Toddler tempersMost toddlers throw temper tantrums. When they don’t want to do something, when they don’t get their way, or when they are frustrated. This is a typical stage of child development and is usually a result of your child not having the verbal skills to be able to communicate the intense desire to do (or not do) something. Most often this frustration is demonstrated with temper tantrums, although some children develop this as a tool to get their own way.

Temper tantrums can usually be separated into two categories: Manipulative tantrums and Frustration tantrums.

 

Identify the type of tantrum

Children are well aware of how to push their parents’ buttons and will often use tantrums as a way to manipulate you into giving them what they want if it gets a response. If you are the type to respond quickly to a tantrum, your child will continue to use them to get their way.

Try using verbal cues and body language that clearly indicates that you don’t do tantrums. You send a clear message when you ignore the fits or walk away, which teaches them that tantrums are not acceptable.

Frustration tantrums are different to manipulative ones and require empathy from you as the parent. Your child’s mental and motor development has developed more quickly than the ability to communicate and the frustration they feel at not being able to do something cannot be expressed properly. Try helping out when the frustration is over an inability to accomplish a task and try to direct your little one’s efforts to a more manageable part of the task.

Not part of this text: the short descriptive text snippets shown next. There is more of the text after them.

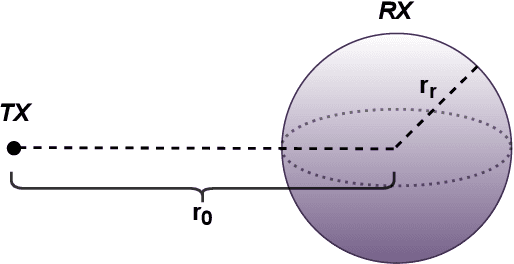 Figure 1 for Higher Order Derivative-Based Receiver Pre-processing for Molecular Communications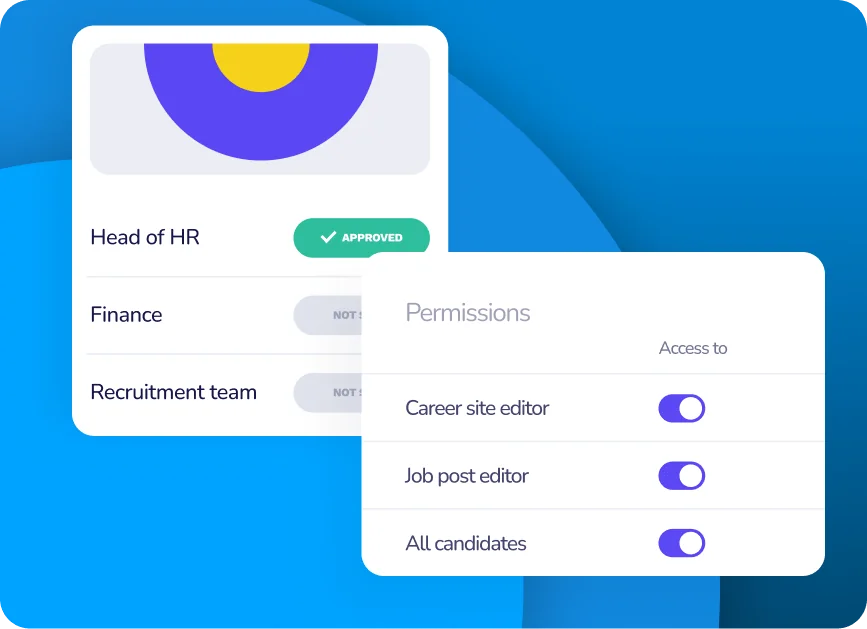 With in-built team roles and permissions, you can control who sees what, and who can do what on your hiring platform.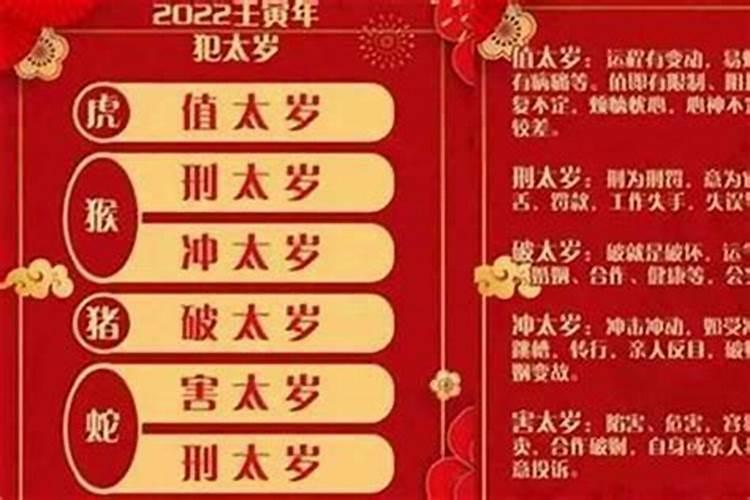 四种太岁哪个最严重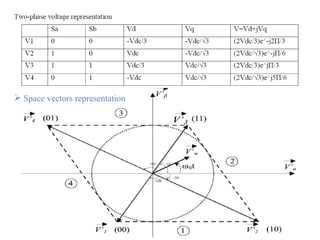 space vector PWM for 2 leg inverter | PPT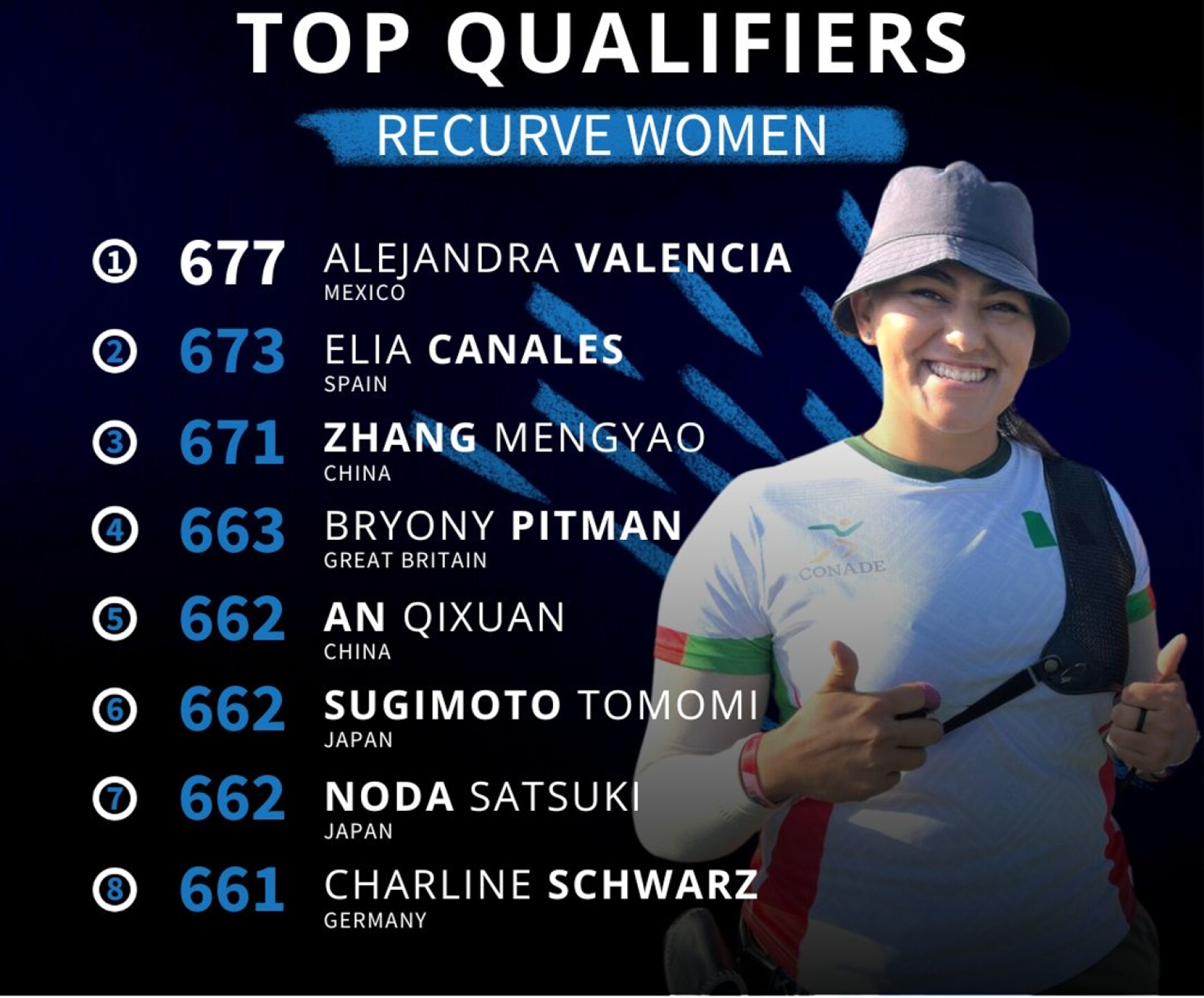 mexicanas-medalla-de-oro-en-tiro-con-arco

This will help to establish your authority as well as build your child’s trust.

One of the most common examples of frustration tantrums is the “I’ll do it myself” tantrum when the child is determined to complete the task. Encourage your child to use words or body language to communicate feelings and needs.

 

Identify the triggers

Children have the innate ability to throw a tantrum at the worst time for parents: when you are on the phone, at the supermarket, or busy with someone else. Most times these very circumstances that make it inconvenient for you are what set your toddler up for a tantrum. Take note of what triggers the tantrums. Often there are pre-tantrum signs when your child begins to whine or grumble, indicating it is time for you to intervene.

The most common causes of a tantrum include boredom, hunger, tiredness and being over-stimulated. Try to take note of the times when your child is triggered into a tantrum and make sure you are prepared for next time with a snack or a nap before you set out of the house. Frustration tantrums must not be taken personally; your child needs to be taught how to handle the frustration with words or body language rather than anger and theatrics, it’s not being done just to upset you.

 

Keeping a cool head

Although temper tantrums in public places are embarrassing, making it difficult to consider your child’s feelings, you need to stay cool. Your child is out of control and needs you to stay in control. If your child throws a fit in a public place, remove them from the situation to a calm place, like a bathroom or your car, where they can blow off steam and you can quietly handle the situation.

One of the best ways to prevent a tantrum is to plan ahead. To expect your curious toddler to behave in a controlled manner when they are hungry or tired is unrealistic. Time these activities for after you are both rested and fed.

There are certain times when tantrums are not acceptable, and you cannot give in under any circumstances. Staying in the car seat is a good example of this and a common one that parents deal with. Make sure you do not respond to the theatrics – and stand your ground. If the car seat is an issue, place your child in the seat and walk a short distance away until the child calms down. Once your child is calm, try to discuss the purpose of the car seat and explain that you want your child to be safe because you love them.

Where possible do not ignore a frustration tantrum as this deprives your child of valuable support resource. Once your toddler develops the language skills necessary to express themselves you will be able to say farewell to the tantrums.